# [What to produce]
Keep images out and repeat all data exactly.

====== Information shown

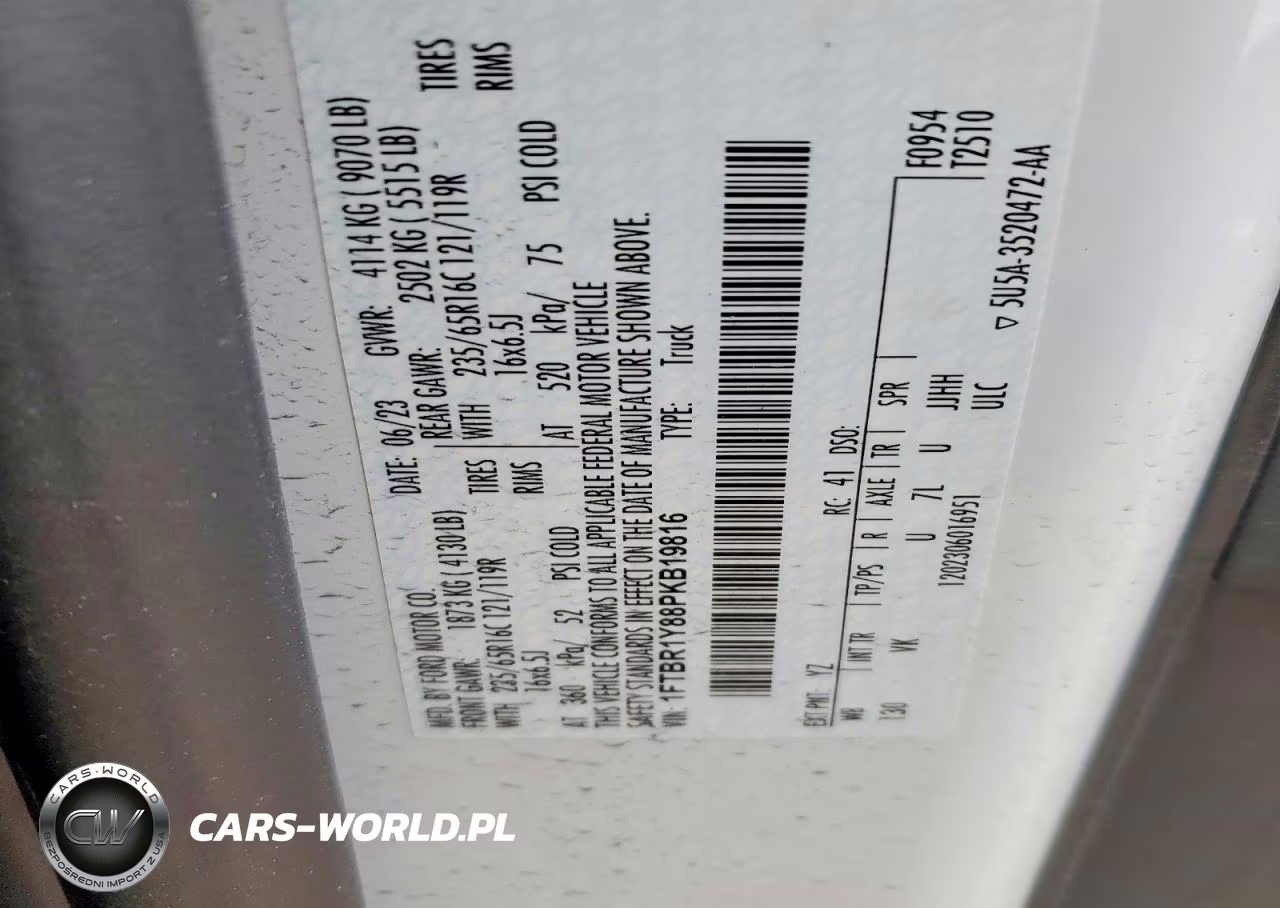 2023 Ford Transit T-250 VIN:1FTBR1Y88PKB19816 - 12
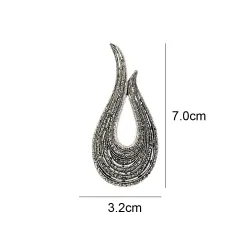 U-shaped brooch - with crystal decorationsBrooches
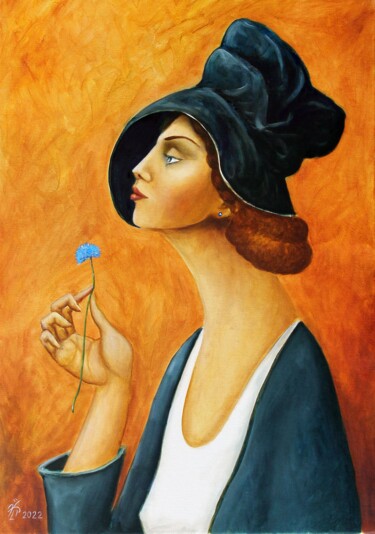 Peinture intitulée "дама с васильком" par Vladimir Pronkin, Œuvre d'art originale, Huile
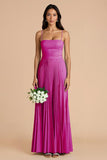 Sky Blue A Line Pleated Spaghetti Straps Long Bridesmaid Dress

============

# [Answer box]
 2023 Ford Transit T-250 VIN:1FTBR1Y88PKB19816 - 12
 U-shaped brooch - with crystal decorationsBrooches
 Peinture intitulée "дама с васильком" par Vladimir Pronkin, Œuvre d'art originale, Huile
 Sky Blue A Line Pleated Spaghetti Straps Long Bridesmaid Dress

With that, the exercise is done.